Premature Generalization

I’m sure most developers reading this post will be familiar with the term “premature optimization”. For those who may not be familiar, this refers to the tendency that some developers have to worrying about the performance of their code, usually but not always in terms of execution time, before their code is proven to work correctly in terms of customer requirements. It’s like saying, “Hmm, this function call may take 3 clock cycles to execute but if I inline the code it won’t take any extra clock cycles” before the developer has correctly defined the function to be called. It’s generally considered a poor way to write software. I believe it was probably Joe Armstrong, one of the co-creators of Erlang, who said “Make it right, make it fast, then make it pretty.” Getting the code right always comes before any sort of optimization should be attempted.

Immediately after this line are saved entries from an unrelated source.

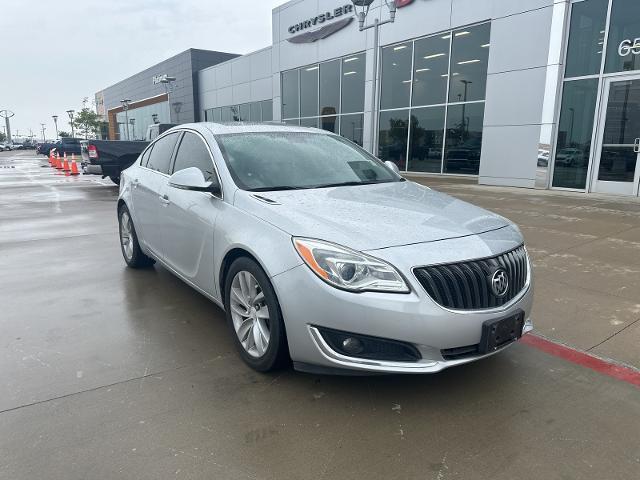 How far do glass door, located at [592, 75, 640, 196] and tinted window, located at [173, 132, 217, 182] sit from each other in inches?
420

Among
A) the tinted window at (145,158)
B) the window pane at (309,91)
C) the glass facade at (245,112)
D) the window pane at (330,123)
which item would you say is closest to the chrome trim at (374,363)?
the tinted window at (145,158)

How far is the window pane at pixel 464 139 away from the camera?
1530 centimetres

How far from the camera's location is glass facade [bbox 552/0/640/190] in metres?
11.1

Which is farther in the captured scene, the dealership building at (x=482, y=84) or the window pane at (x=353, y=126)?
the window pane at (x=353, y=126)

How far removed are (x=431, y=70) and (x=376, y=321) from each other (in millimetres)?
15835

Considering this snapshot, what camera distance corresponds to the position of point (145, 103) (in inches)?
1998

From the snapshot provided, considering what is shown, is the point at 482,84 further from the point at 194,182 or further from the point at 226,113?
the point at 226,113

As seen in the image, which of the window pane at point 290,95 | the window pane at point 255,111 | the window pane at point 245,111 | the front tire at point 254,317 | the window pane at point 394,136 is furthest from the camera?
the window pane at point 245,111

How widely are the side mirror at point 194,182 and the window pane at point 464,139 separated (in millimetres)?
13286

Risking the perils that may befall anyone who coins a neologism, I propose another premature condition which developers should try to avoid: premature generalization. I would define premature generalization as being the tendency to assume that what you see or what you want is what every other developer sees and/or wants. It’s the tendency of the novice developer to post messages like “Hey function x isn’t working. What’s wrong?” assuming that the rest of us also have the problem they have and we therefore don’t need any more detail to know what he or she is talking about. It’s also the tendency to assume that because they need to address some particular use case that most developers working in the language will need to address the same use case: “Hey I need library function x to return an error status when I pass it a bad argument but throw an exception when I pass it a good but out of range argument. Can we modify the standard library to do this?” In both cases, I believe they’re prematurely assuming their question is generic and therefore they don’t need to provide details to others.

Although I feel I’m flogging a dead equine I hasten to point out that as software developers we should usually proceed from the assumption that the error we’re seeing is due to something specific to us. We should also proceed from the assumption that any use case we have is likely to be a use case specific to us until we see evidence otherwise. Yes, I am aware of the irony of making generic statements here—but given what I’ve seen over 25+ years of software development I don’t believe that I’m indulging myself in premature generalization.